INPUT DATA Start Marker

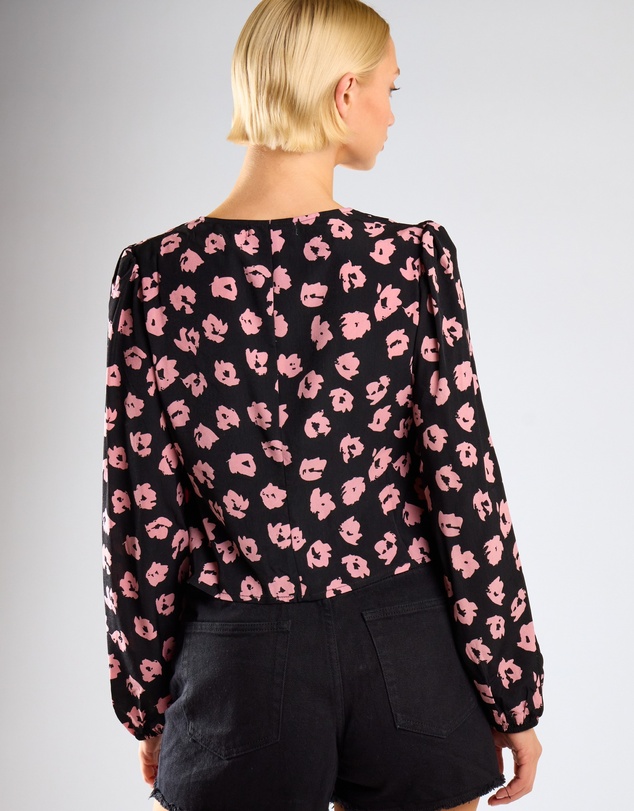 Glamorous - V-neck long sleeves top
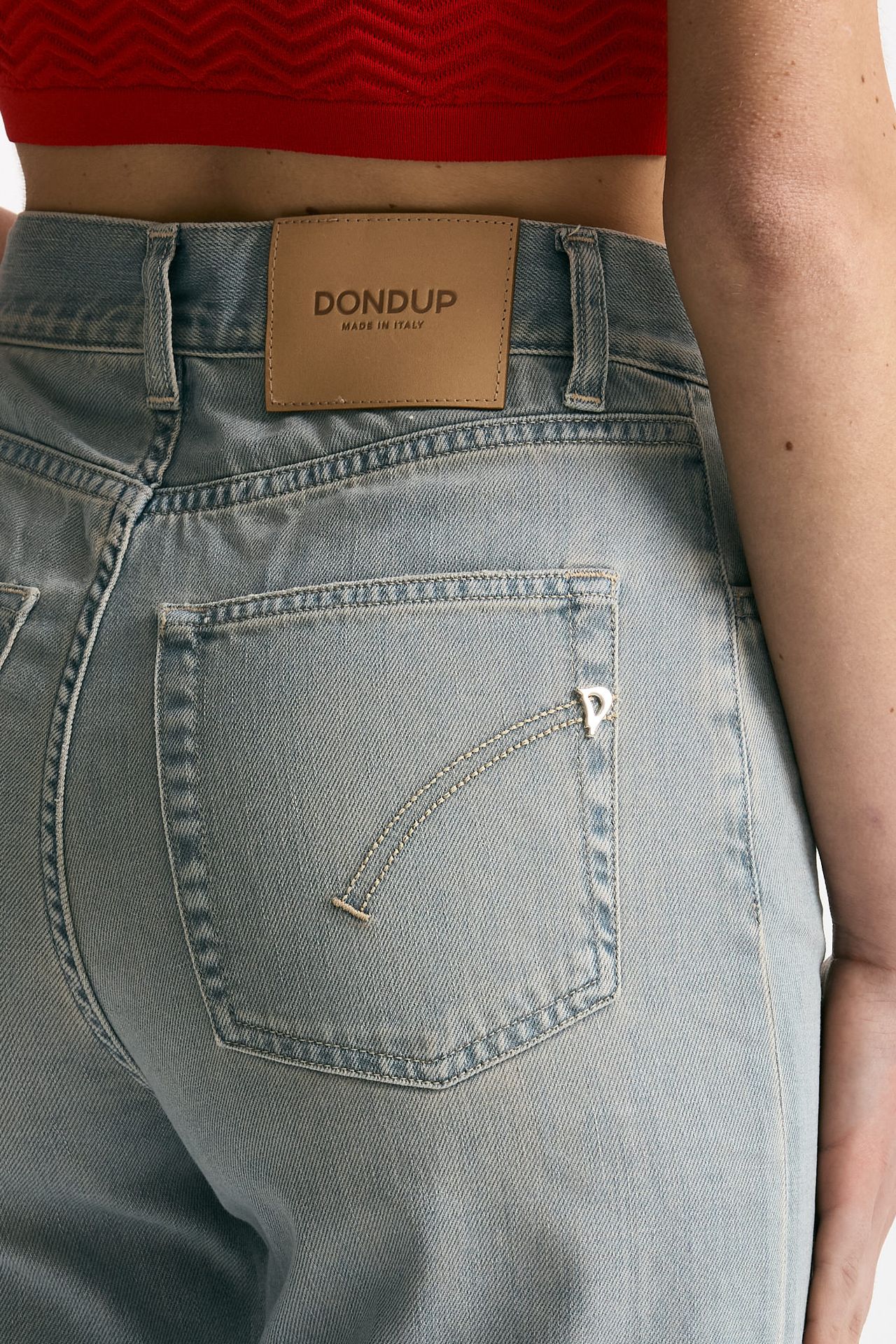 Jeans palazzo AMBER chiaro donna Dondup - 6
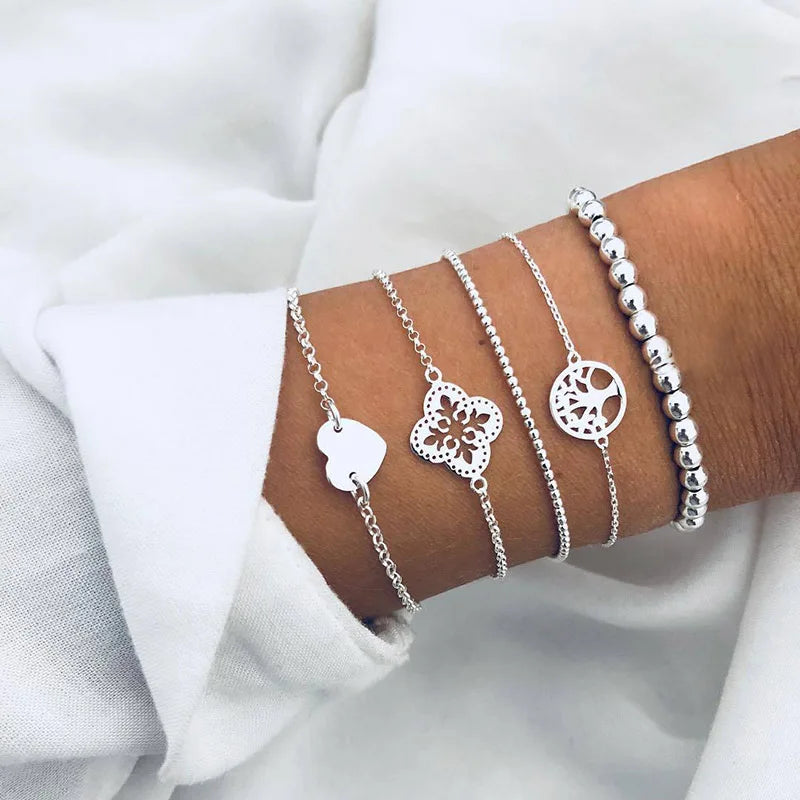 Clearance_Lucky Turkey Evil Eye Bracelet For Women Men Colorful Red Blue Eye Adjustable Metal Chain Bangles Good Luck Wealth Jew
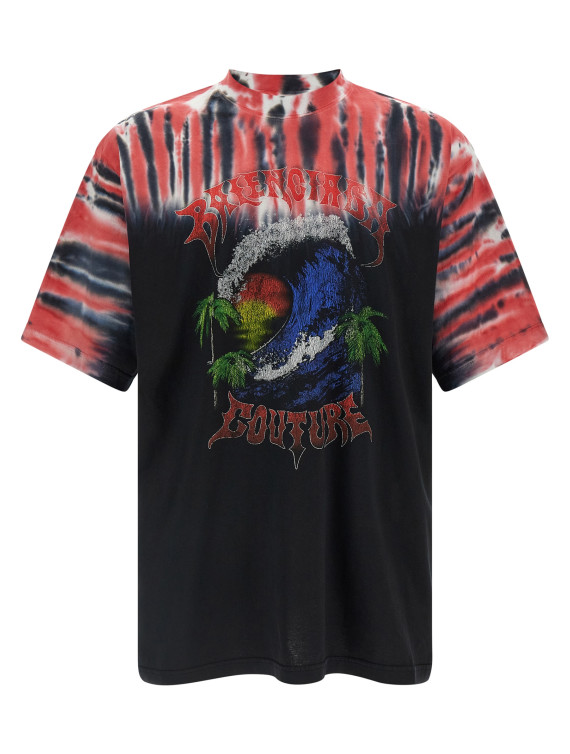 Футболка BALENCIAGA 'Extreme Tie Dye' (764235TUVP41000) #1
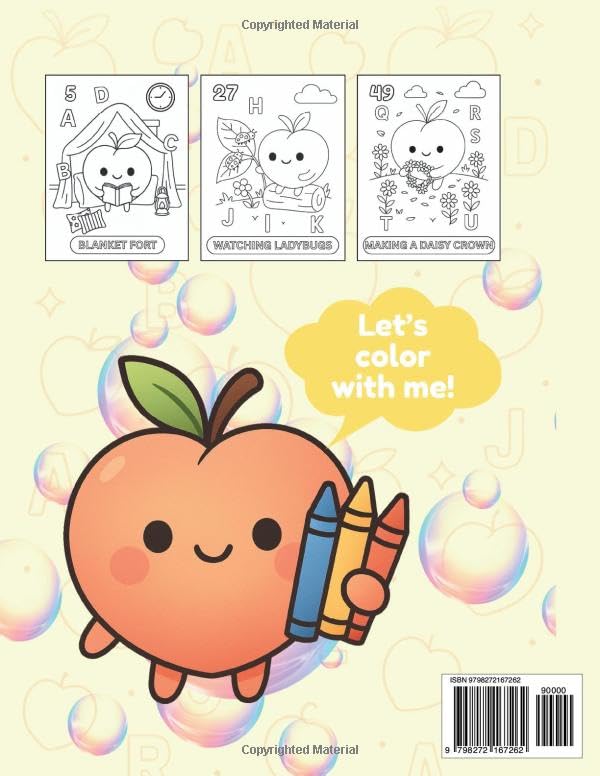 FIZZY PEACH COLORING BOOK image 3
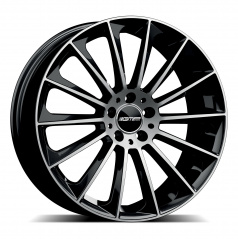 Alu koleso GMP STELLAR black/leštený top 10,0x21 5x112 ET50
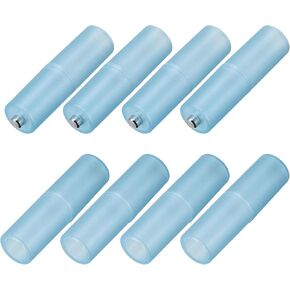 uxcell AAA to AA Battery Adapter Battery Converter Cases Holder Shell with Metal Contacts on One Bottom Blue 8 Pcs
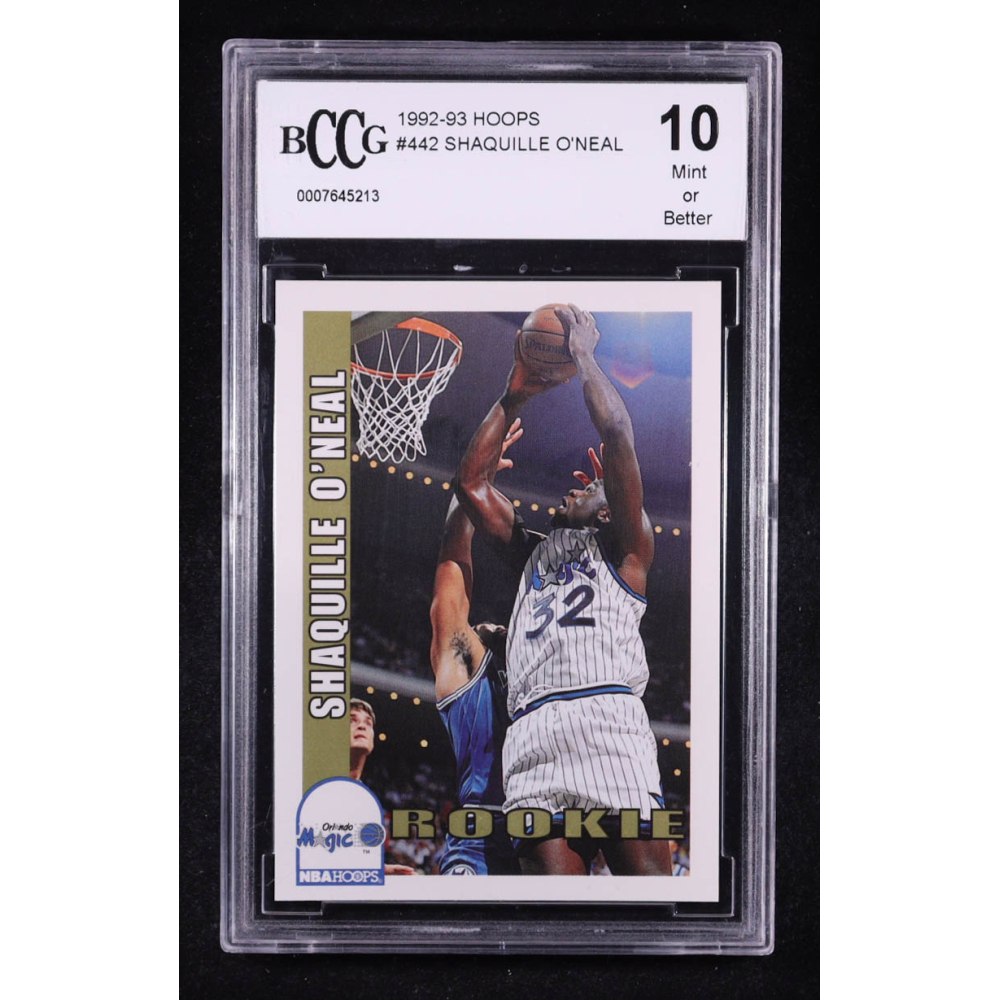 Shaquille O'Neal 1992-93 Hoops #442 RC (BCCG 10) at PristineAuction.com
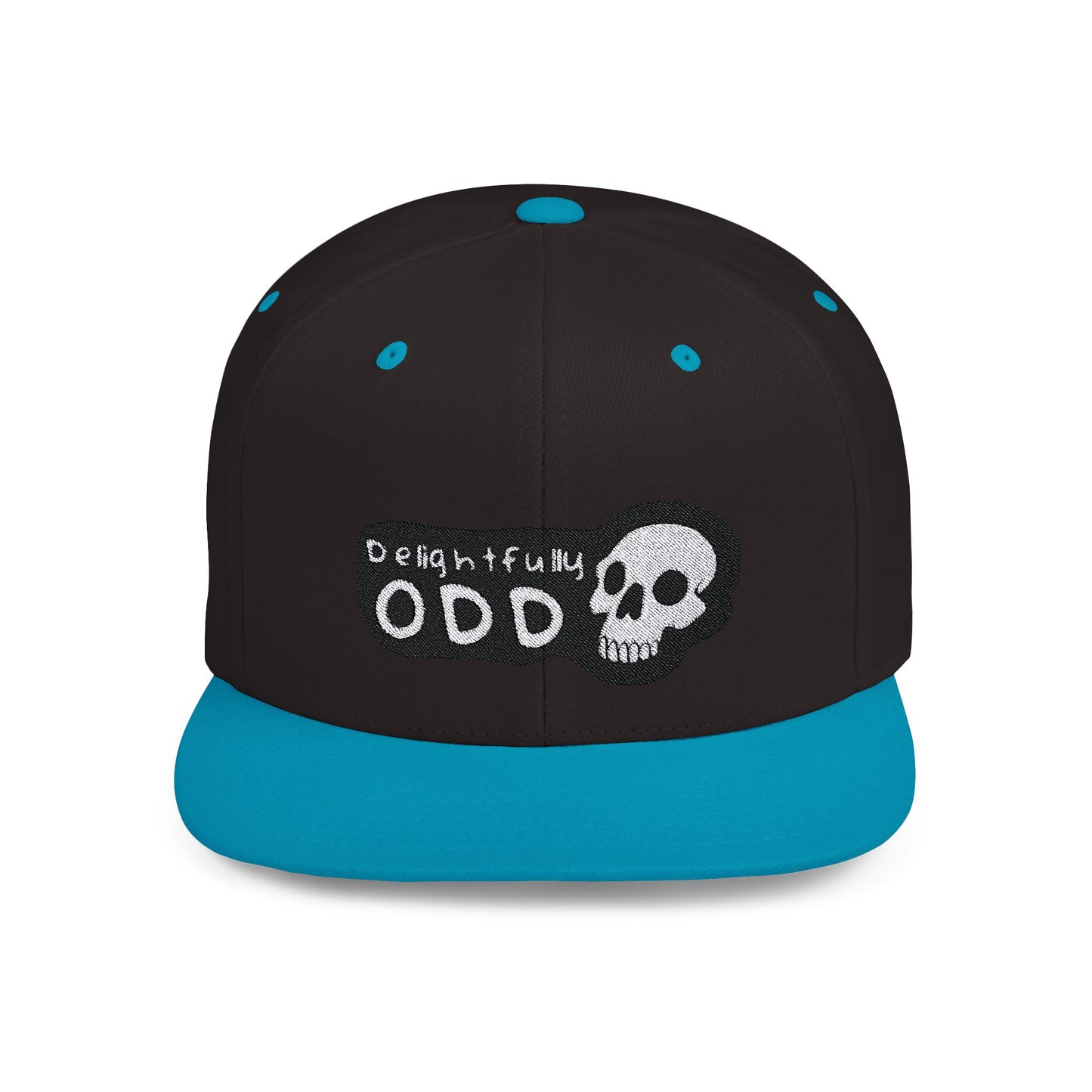 Delightfully Odd Flat Bill Snapback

INPUT DATA End Marker

WHAT YOU ARE ASKED TO DO:
Your response must consist of the lines from the beginning of the data through the line containing "Alu koleso GMP", transcribed exactly, with no pictures.

OUTPUT OF THE EXERCISE:
 Glamorous - V-neck long sleeves top
 Jeans palazzo AMBER chiaro donna Dondup - 6
 Clearance_Lucky Turkey Evil Eye Bracelet For Women Men Colorful Red Blue Eye Adjustable Metal Chain Bangles Good Luck Wealth Jew
 Футболка BALENCIAGA 'Extreme Tie Dye' (764235TUVP41000) #1
 FIZZY PEACH COLORING BOOK image 3
 Alu koleso GMP STELLAR black/leštený top 10,0x21 5x112 ET50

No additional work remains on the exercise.